### Exercise instructions
Given the material below, return only the lines starting at the line with "Photo of Livingroom in Pipe Creek" and ending at the line with "OEM 51117357229 Кронштейн", exactly as they appear.

### Source records
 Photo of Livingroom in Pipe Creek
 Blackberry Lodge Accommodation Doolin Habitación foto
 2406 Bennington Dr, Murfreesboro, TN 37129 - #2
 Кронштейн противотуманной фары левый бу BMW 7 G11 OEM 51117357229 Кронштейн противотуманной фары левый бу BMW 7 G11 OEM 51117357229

---

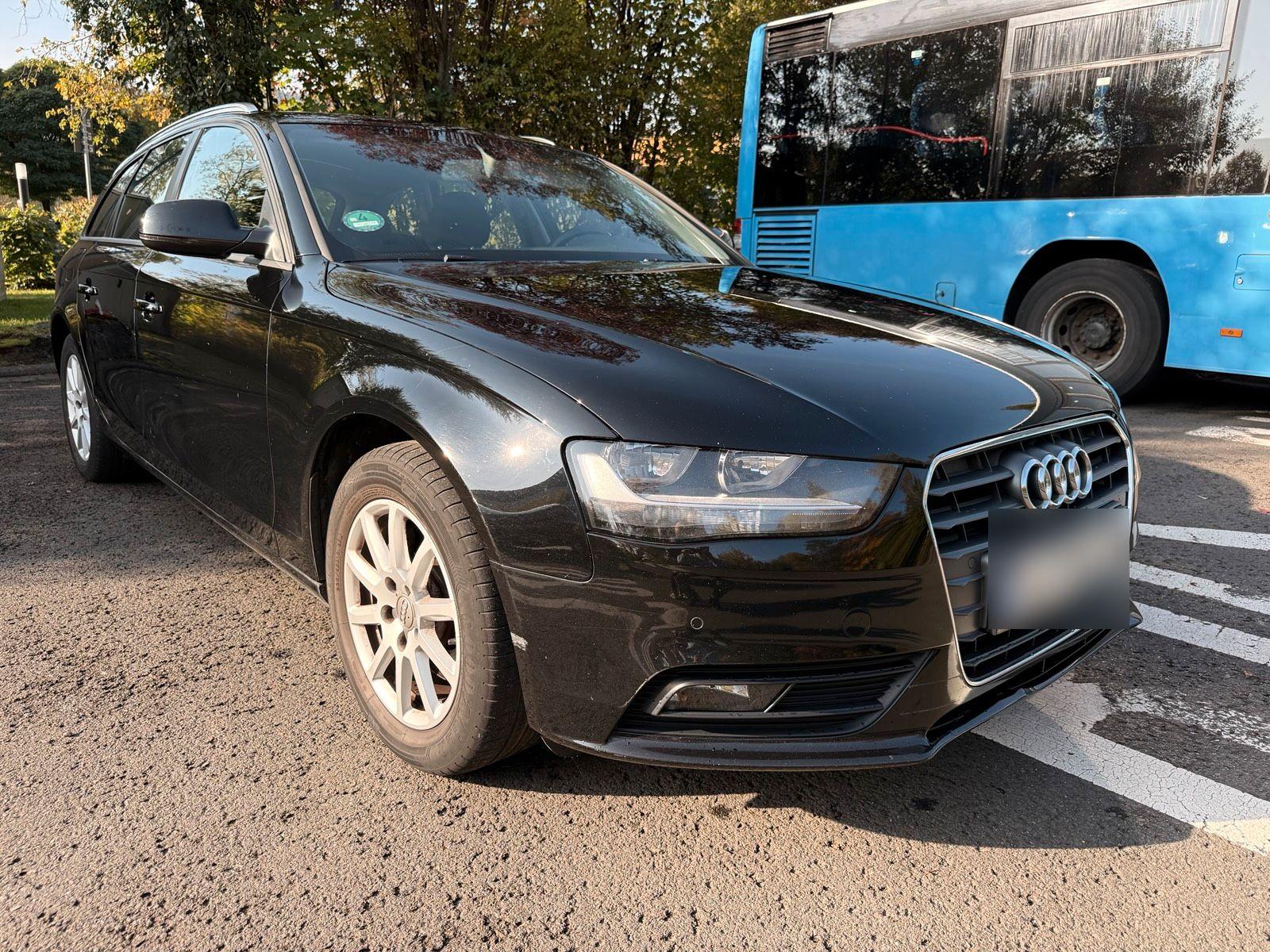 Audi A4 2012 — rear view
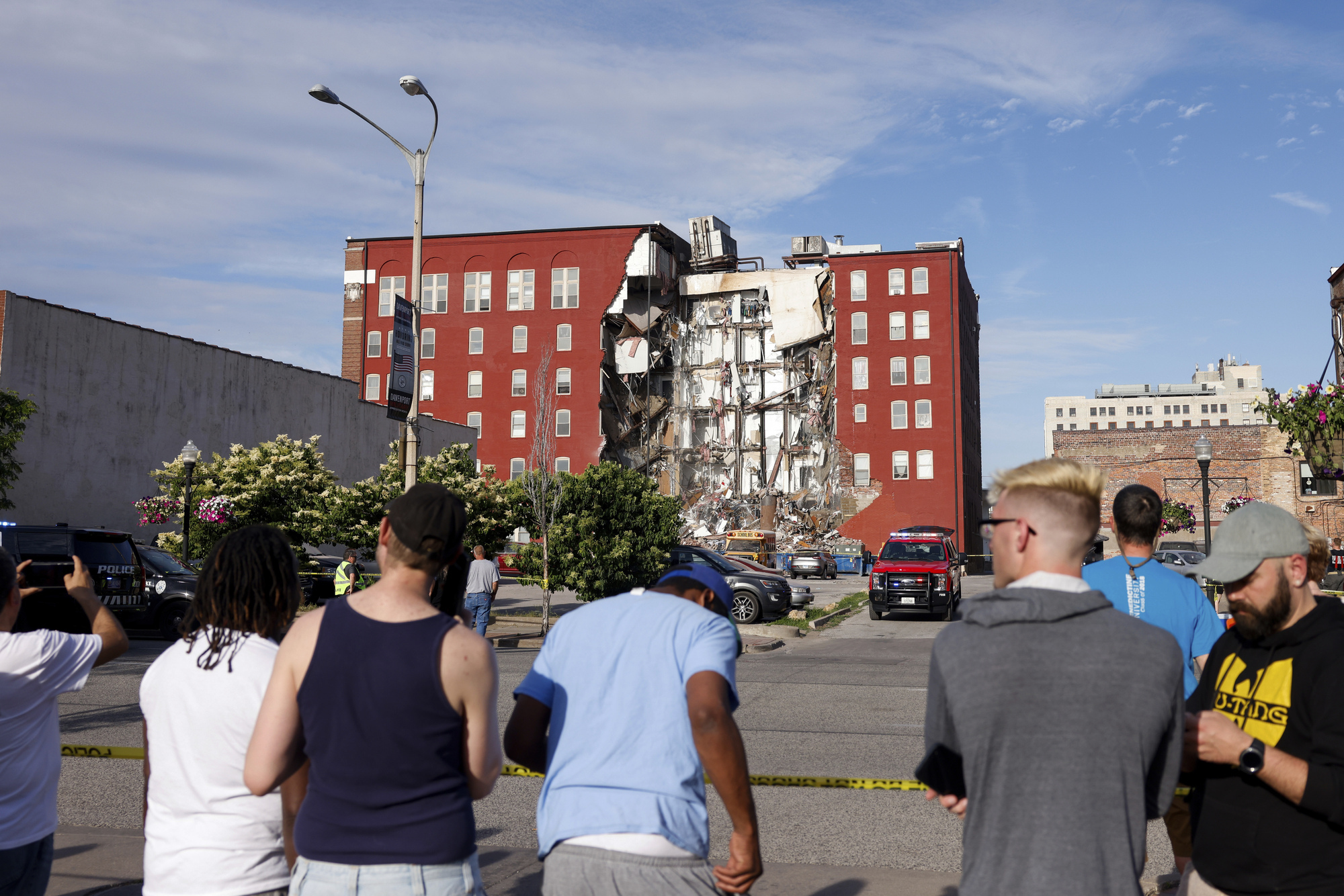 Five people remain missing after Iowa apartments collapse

### Exercise answer
 Photo of Livingroom in Pipe Creek
 Blackberry Lodge Accommodation Doolin Habitación foto
 2406 Bennington Dr, Murfreesboro, TN 37129 - #2
 Кронштейн противотуманной фары левый бу BMW 7 G11 OEM 51117357229 Кронштейн противотуманной фары левый бу BMW 7 G11 OEM 51117357229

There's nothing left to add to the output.